INPUT DATA —
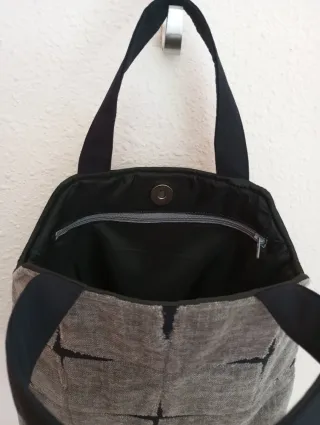 Bolso de terciopelo gris y fondo negro
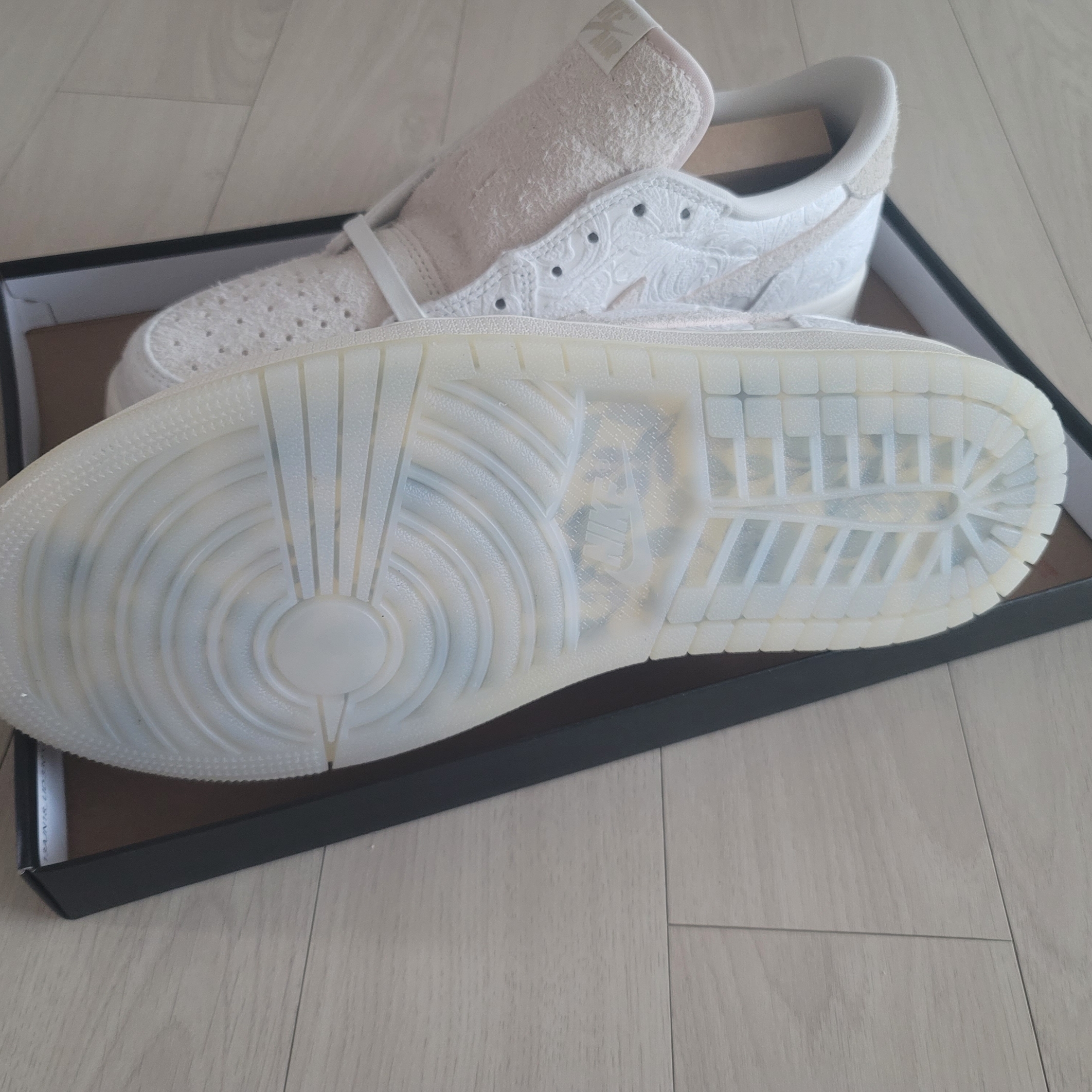 Jordan 1 x Chris Paul Retro Low OG Light Cream and Sail 착용 스타일 - 4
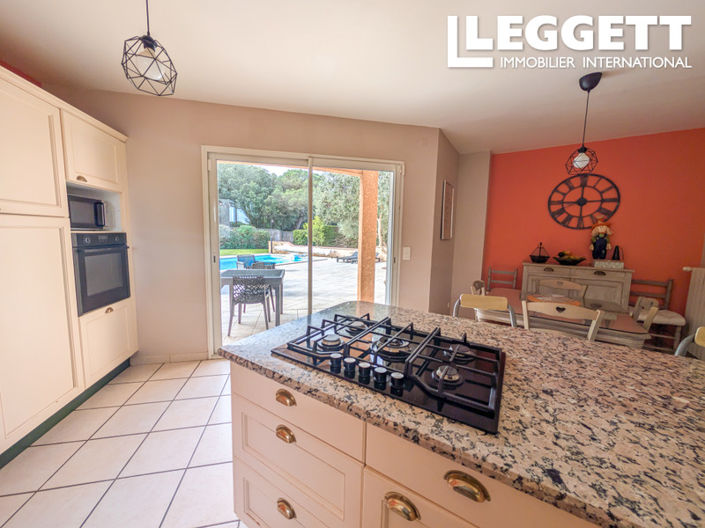 Image No.4-6 Bed House for sale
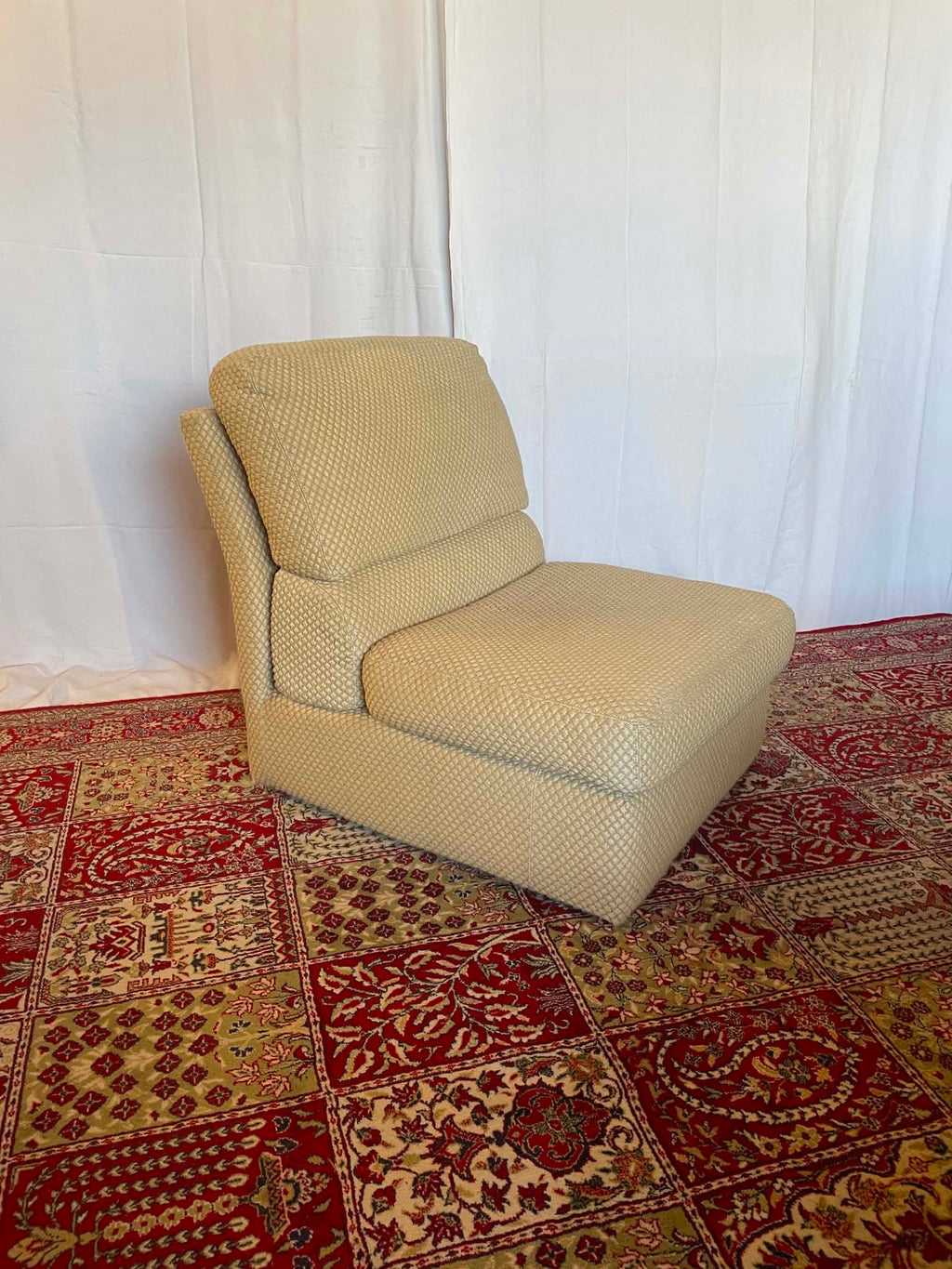 Chauffeuse vintage Swann en tissu beige texturé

YOUR INSTRUCTIONS — Retype verbatim only the lines beginning with the line that contains "Image No.4-6 Bed House for sale" and ending with the last line of the listing above; pictures are to be excluded.

TASK RESPONSE —
 Image No.4-6 Bed House for sale
 Chauffeuse vintage Swann en tissu beige texturé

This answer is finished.